Architecture:
Data Flow model:
A Flume event is defined as
a unit of data flow having a byte payload and an optional set of string
attributes. A Flume agent is a (JVM) process that hosts the components through
which events flow from an external source to the next destination (hop).
A Flume source consumes
events delivered to it by an external source like a web server. The external
source sends events to Flume in a format that is recognized by the target Flume
source. For example, an Avro Flume source can be used to receive Avro events
from Avro clients or other Flume agents in the flow that send events from an
Avro sink. A similar flow can be defined using a Thrift Flume Source to receive
events from a Thrift Sink or a Flume Thrift Rpc Client or Thrift clients
written in any language generated from the Flume thrift protocol. When a Flume
source receives an event, it stores it into one or more channels. The channel
is a passive store that keeps the event until it’s consumed by a Flume sink.

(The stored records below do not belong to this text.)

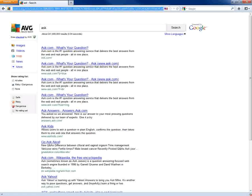All right, so today I'm going to go over how to remove an annoyance. It's called AVG Secure Search.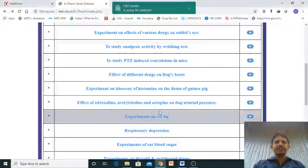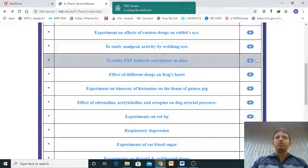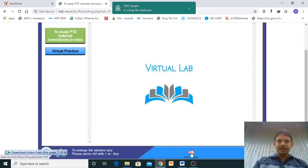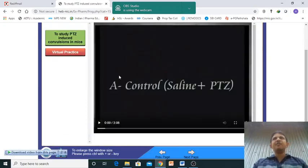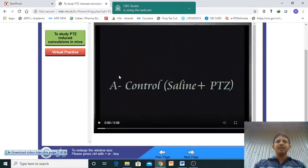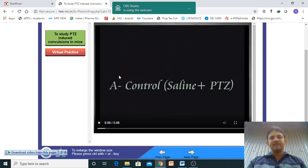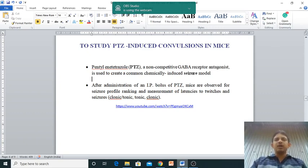Good morning. In our next experiment, we will study the PTZ-induced convulsion in mice. This is the video you need to observe — how it works and what it is showing. There are different modes, as I mentioned in the earlier experiment, to produce the convulsion.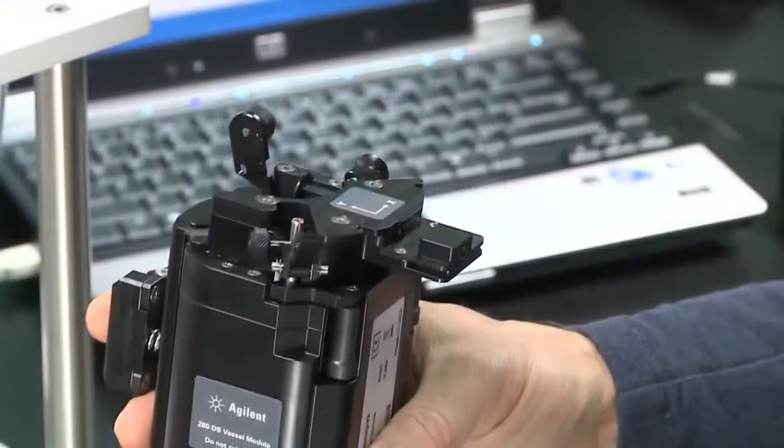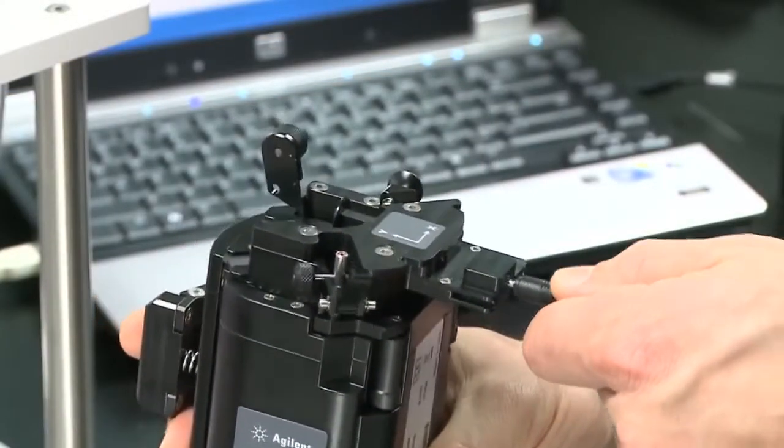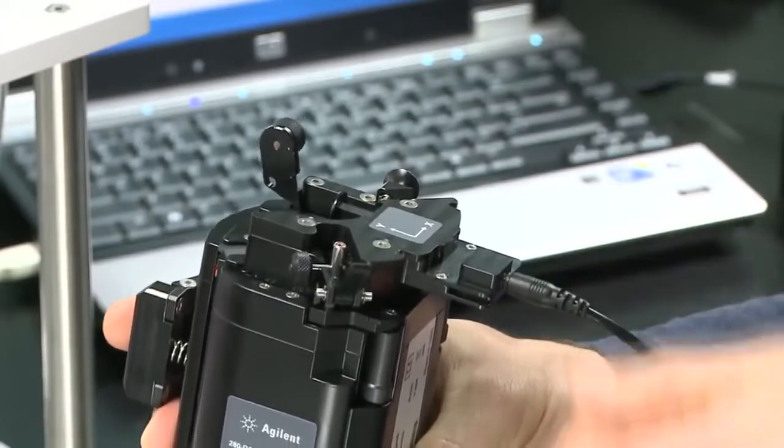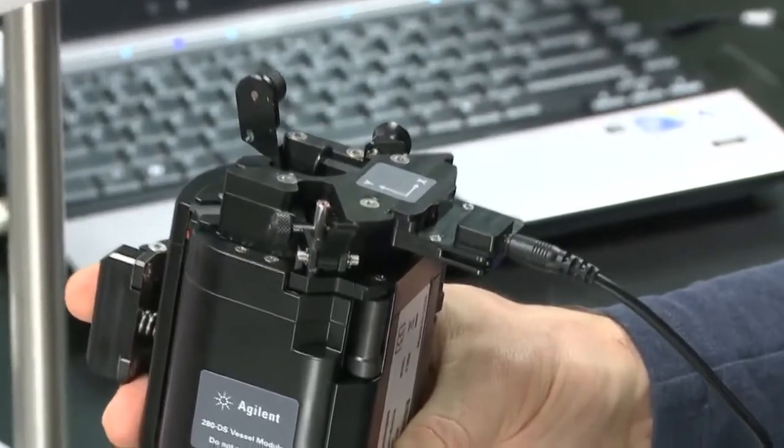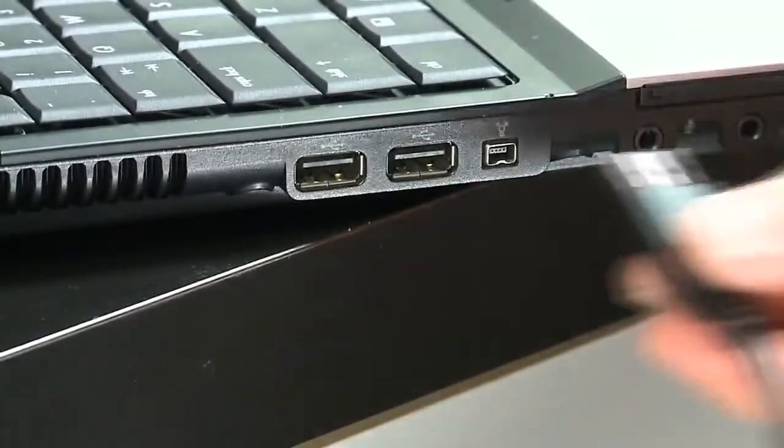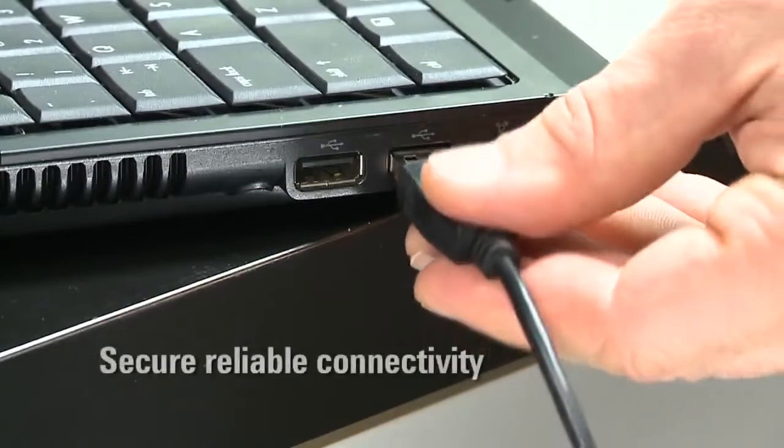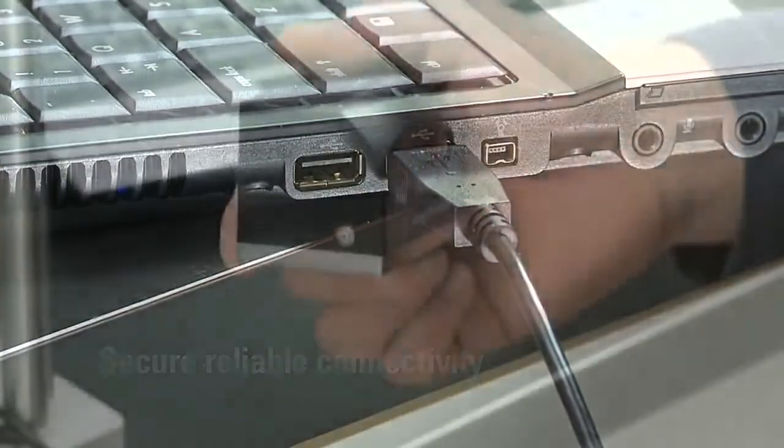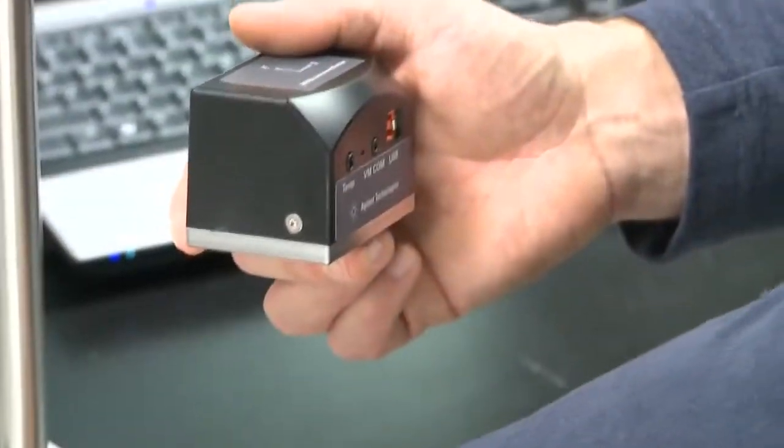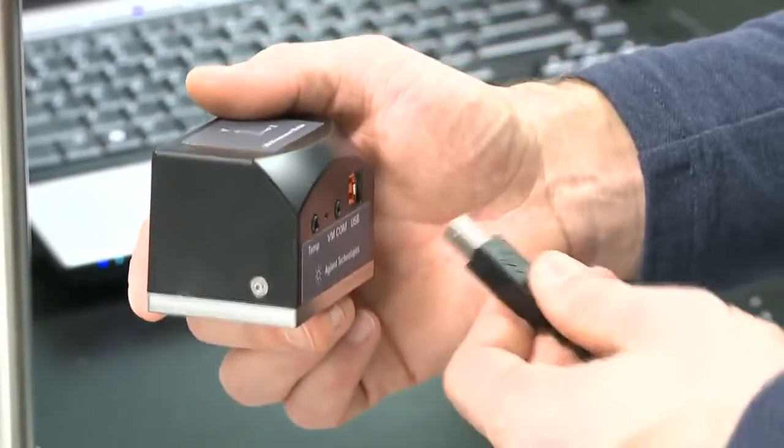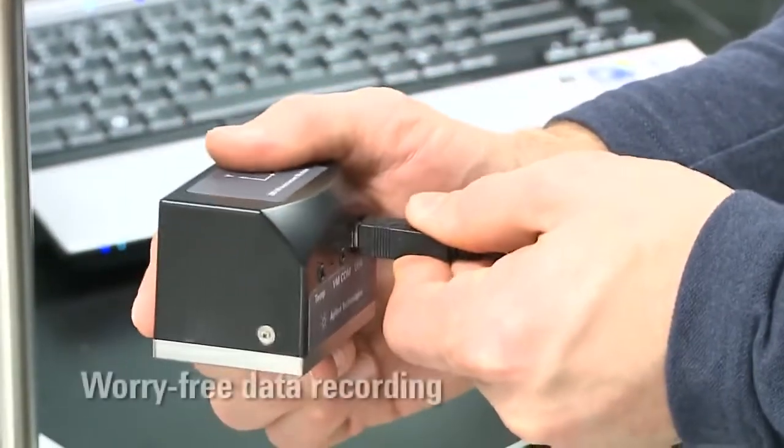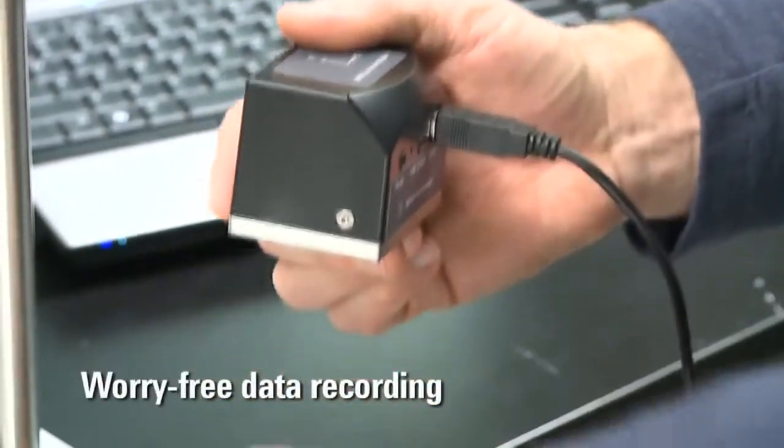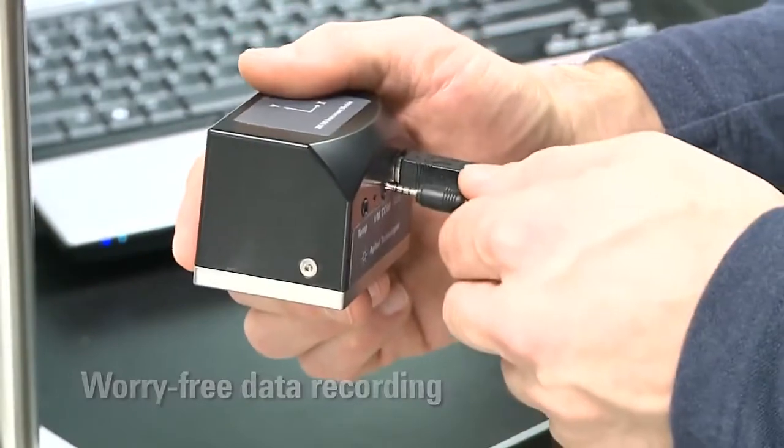Rather than using wireless or battery operated technologies, the 280DS uses a single connection to the PC to transfer data in real time. Simply plug in your 280DS and rely on accurate data capture capabilities with no need to worry about battery life.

The file channel is one example – it is backed by the local filesystem. The
sink removes the event from the channel and puts it into an external repository
like HDFS (via Flume HDFS sink) or forwards it to the Flume source of the next
Flume agent (next hop) in the flow. The source and sink within the given agent
run asynchronously with the events staged in the channel.
Install Flume:
yum install mapr-flume
Configuration File:
# the channels and the sinks.
agent1.sources = source1
agent1.sinks = sink1
agent1.channels = channel1
# Describe/configure source1
agent1.sources.source1.type = exec
agent1.sources.source1.command = tail -f /opt/mapr/logs/configure.log
# Describe sink1
agent1.sinks.sink1.type = hdfs
agent.sinks.sink-1.hdfs.kerberosPrincipal = kuser1
agent.sinks.sink-1.hdfs.kerberosKeytab = /tmp/krb5new_0.keytab
agent1.sinks.sink1.hdfs.path = /user/root/flume/logtest4_kerberosTKT/
agent1.sinks.sink1.hdfs.filePrefix = LogCreateTest
# Number of seconds to wait before rolling current file (0 = never roll based on time interval)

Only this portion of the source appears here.